On Tuesday, oil prices settled mixed as markets reacted to heightened U.S.-China trade tensions and President Donald Trump’s reinstatement of his “maximum pressure” campaign on Iran. U.S. West Texas Intermediate (WTI) crude fell $0.46 (0.63%) to $72.70 per barrel, while global benchmark Brent crude edged up $0.24 (0.32%) to $76.20 per barrel. Earlier in the session, oil had dipped more than 3% to its lowest level since late December, driven by China’s retaliatory tariffs on U.S. imports following Washington’s new 10% tariffs on Chinese goods. Market losses were later pared after Trump signed a presidential memorandum directing the U.S. Treasury to impose stricter sanctions on Iran, aiming to cut its oil exports to zero. Iran, which produces 3.3 million barrels per day (3% of global output), had seen exports rise under the Biden administration after previously being reduced under Trump.

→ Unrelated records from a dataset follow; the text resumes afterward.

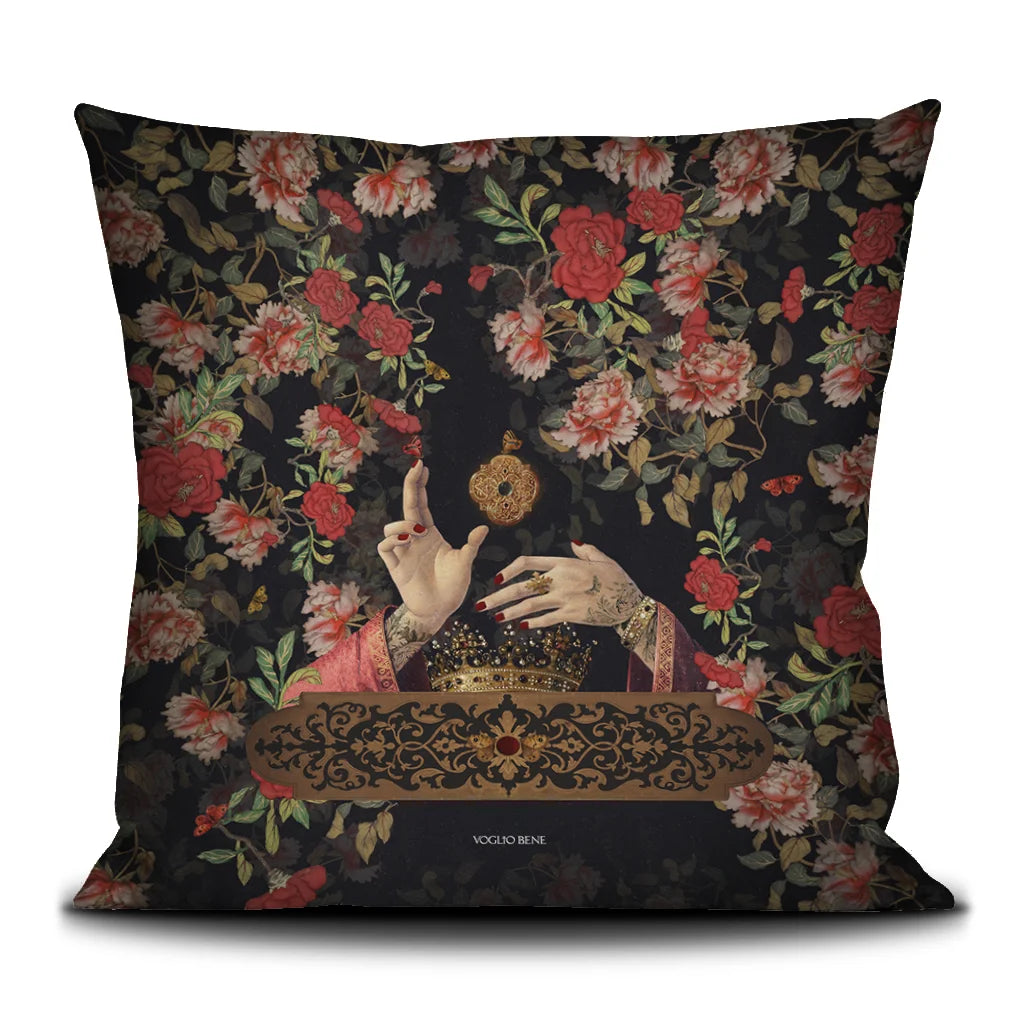 Voglio Bene Messina -tyynyn takanäkymä. Kuvassa kädet pitelevät kruunua, taustalla koristeellinen medaljonkikuvio.
Back view of a Voglio Bene Messina cushion. The image shows hands holding a crown against a patterned medallion background.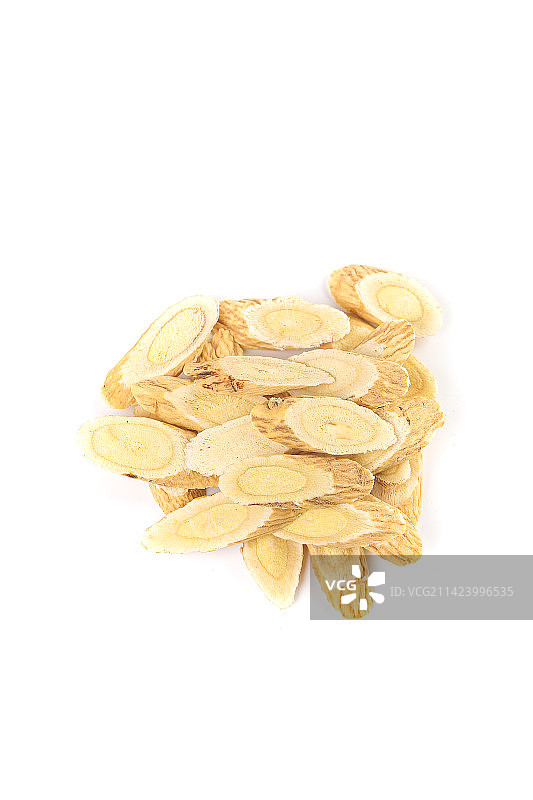 白底上的摆放着黄芪图片素材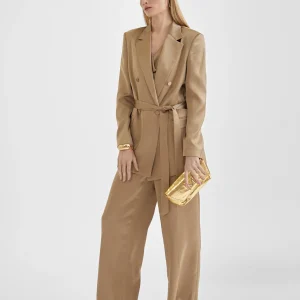 Lola Casademunt Americanas Y Blazers<Americana cruzada satinada FUCSIA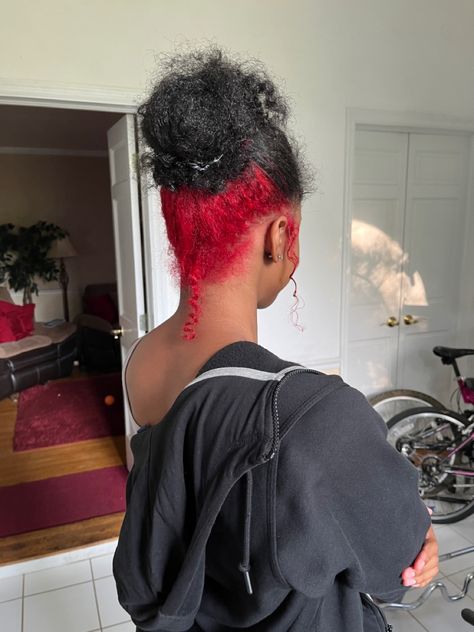 Red Peekaboo Hair Black Women, Red And Black Peekaboo Hair Curly, Red Under Dye Curly Hair, Half Red Half Black Hair Black Women, Dyed Hair For Black Women Red, Peekaboo Hair Color Black Women Red, Red Hair Dye Ideas Black Women, Red Hair Wax Curly Hair, Peekaboo Hair Dye Black Women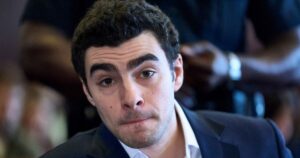 Λουίτζι Μαντζιόνε: Άνδρας προσποιήθηκε τον αστυνομικό για να τον βγάλει από τη φυλακή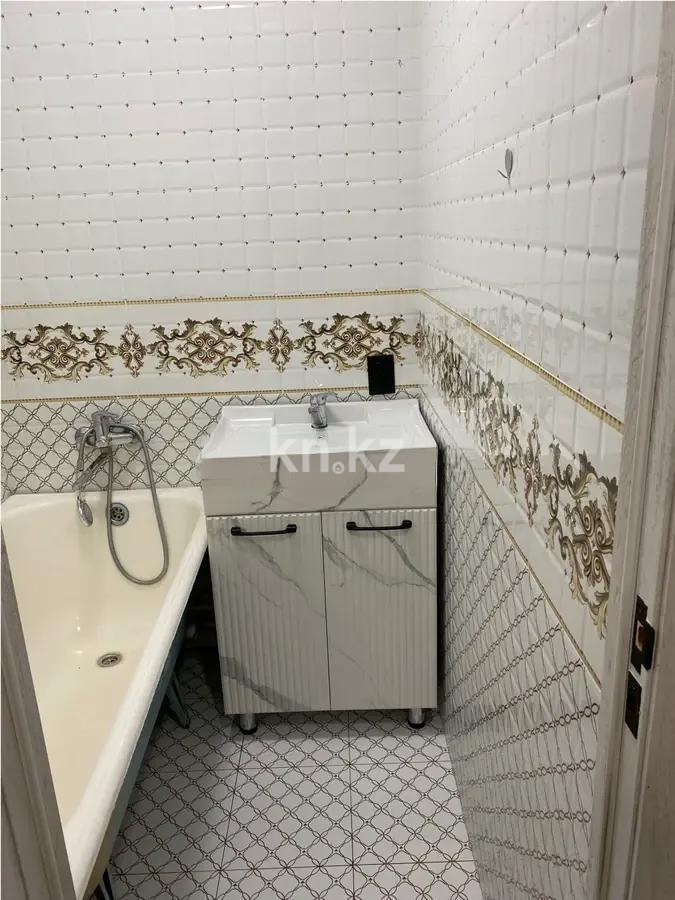 Продажа 3-комнатной квартиры, 64 м², мкр-н 19, дом  44 в Караганде - фото 5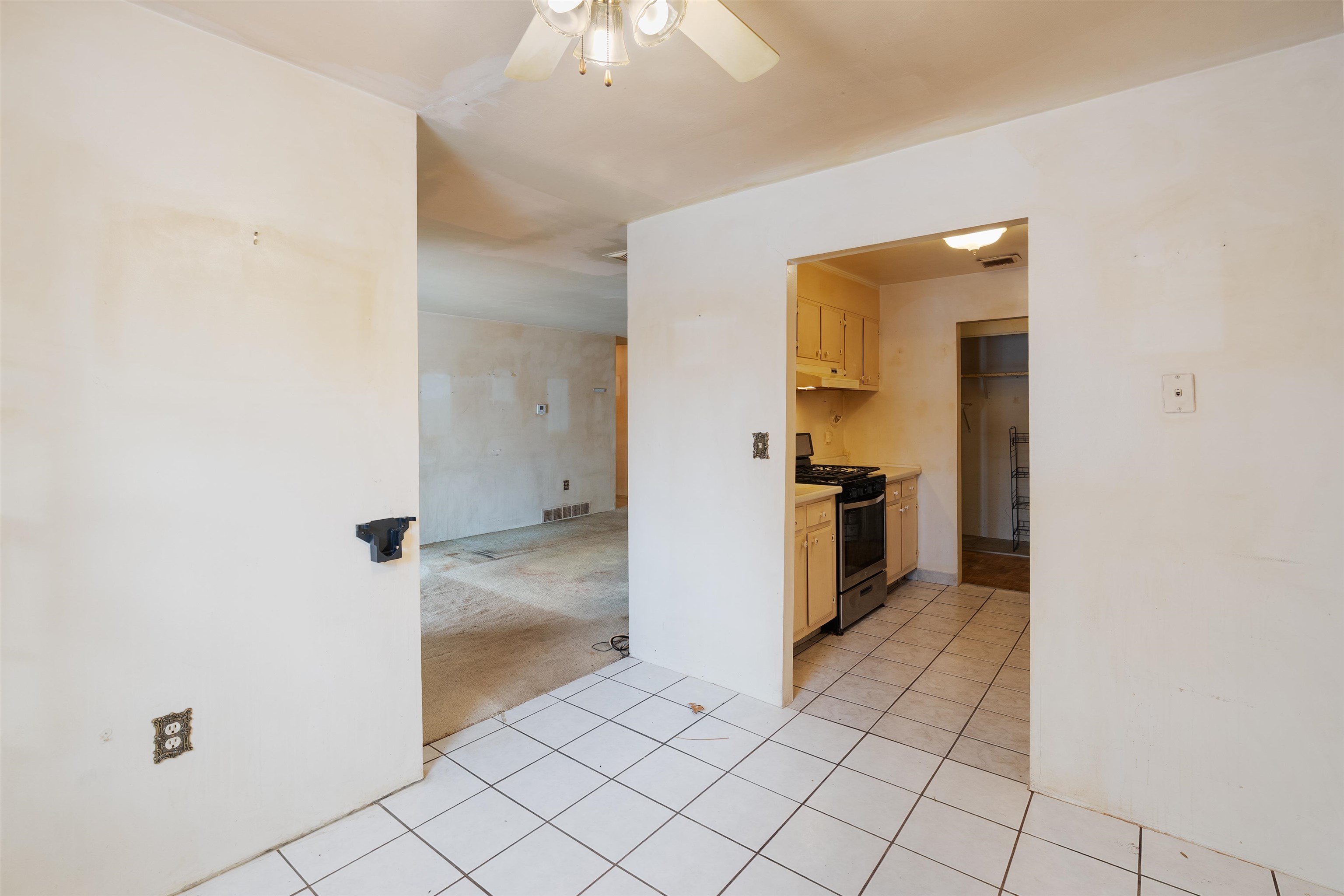 Homes for sale in Nashua, NH | 5 Louisburg Sq #11, Nashua, NH 03060 | MLS# 5071418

Analysts suggest China may further devalue the yuan, potentially putting downward pressure on oil prices. Meanwhile, Trump delayed new tariffs on Mexico and Canada for 30 days in exchange for stronger border security commitments, but signaled no urgency in negotiating with Chinese President Xi Jinping. This uncertainty left markets volatile, with analysts noting that oil prices rebounded on speculation that trade tensions could eventually be eased. Additionally, investors are closely watching U.S. crude inventory data from the American Petroleum Institute (API) for further market direction. Despite the volatility, OPEC+ remains committed to gradually increasing oil production from April, keeping supply-side dynamics stable amid geopolitical risks.